In fact, the same findings reveal that 92% of people report happiness at work affects their mood at home.
What makes you happy?
Work means different things to different people. What does work mean to you? Is it something that pays for a mortgage and that's all? Or do you look to it as a career to fulfil other aspects of your life? Try to understand what your relationship with work is if you want to be happy at work.
Is it time for a change?
A 2021 UK survey by OnePoll on behalf of Indeed, found the average worker spends a fifth of every year feeling unhappy in their role. If you are one of these individuals and think it’s time for a change, then search through our UK vacancies as there are plenty of opportunities. With a record number of jobs available, employees have many choices when it comes to what roles to go for.
Job hunting tips
There are many steps to finding a job that you love but before you update your CV and LinkedIn account, it is worth taking a step back to consider:
What’s making you unhappy at work right now?

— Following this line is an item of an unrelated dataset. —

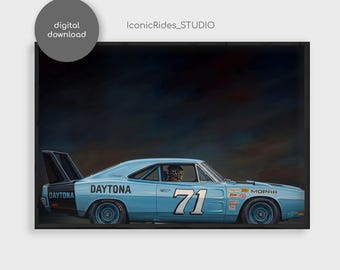 Dodge Charger Daytona 71 Wall Art, Muscle Car Poster Print, Racing Decor, Auto Gift, Digital Download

Make a list of the aspects of your role that make you unhappy. Also think about your salary and benefits package, current work-life balance, your manager, your colleagues, the workplace and current company culture and vision. The exercise will help spotlight what’s bothering you.
What’s unique about you?
Before you even start applying, identify what it is that makes you a unique candidate for a job, and how you’re going to show this to a potential employer. Whether it be a specific combination of skills, or career background, being clear on your unique selling point will give you a competitive edge over other candidates and help give you focus when selling yourself in an interview.
Turns out that according to studies in the US, people who set high goals for themselves are happier than those with lower expectations.

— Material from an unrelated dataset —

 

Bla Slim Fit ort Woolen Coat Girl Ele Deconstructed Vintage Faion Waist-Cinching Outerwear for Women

Heidi G. Halvorson PhD, psychologist and the author of Succeed: How We Can Reach Our Goals talks about the need for people to set goals with two factors in mind: expectancy and value. "Expectancy" refers to how likely you believe you are to succeed, and "value" refers to how good it will be for you if you do reach the goal.

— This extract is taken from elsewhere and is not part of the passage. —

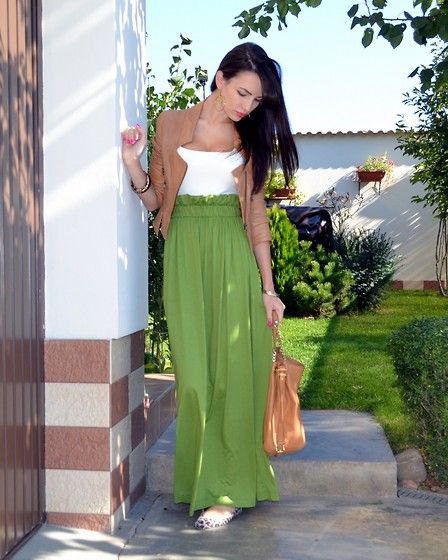 green blazer with white top and high-quality maxi skirt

Make a list of things you want to accomplish—both short term and long-term goals. It's always good to have something to work towards!
Find a career you enjoy
Mark Twain said, “Find a job you enjoy doing, and you will never have to work a day in your life.”
Truth is, employees spend our days replying to emails, attending meetings, checking off our tasks, as our careers whizz by, sometimes we wonder if we are in the right career. Our focus is on today’s or this week’s to-do list.
In The Long Game: How to Be a Long-Term Thinker in a Short-Term World, author and professor Dorie Clark, argues that many of us need to think more and be more proactive, about where we’re headed.
A career change is a huge decision that you should not rush. Take some time to explore the opportunities that you have available to you and rediscover some of your passion.
Ways to be happy in a job you hate
In an ideal world, where mortgages were non-existent, energy, petrol and food prices weren’t rising, many unhappy workers would quit. Or wouldn’t work at all! Despite The Great Resignation still seeing record numbers of skilled workers leaving their jobs, it isn’t always easy, or sensible to leave without something else to go to.
So, while you are awaiting your next move or counting down the days to retirement or maternity leave, here are six tips for workplace happiness:
- Meaningful work. Know that your work has meaning. Others rely on your efforts and the business relies on you to meet its goals. You should experience happiness in knowing that you are a valued team member.
- Celebrate good times. Celebrations bring happiness into the office, so consider celebrating after a project is complete.
- Take small breaks. Even when busy, it's important to take small breaks. Have a five-minute break between each major task to give yourself the space to refresh before working again.
- Mentor colleagues. If you’re established in your career, not only will it give you a sense of responsibility, but you'll also be helping someone else out, which can help you feel happier.
- Use paid time off. Try to use your annual leave allowance every year. Allocate time for days away from the office.
- Find a friend. Research shows people who have friends at work have higher rates of career satisfaction.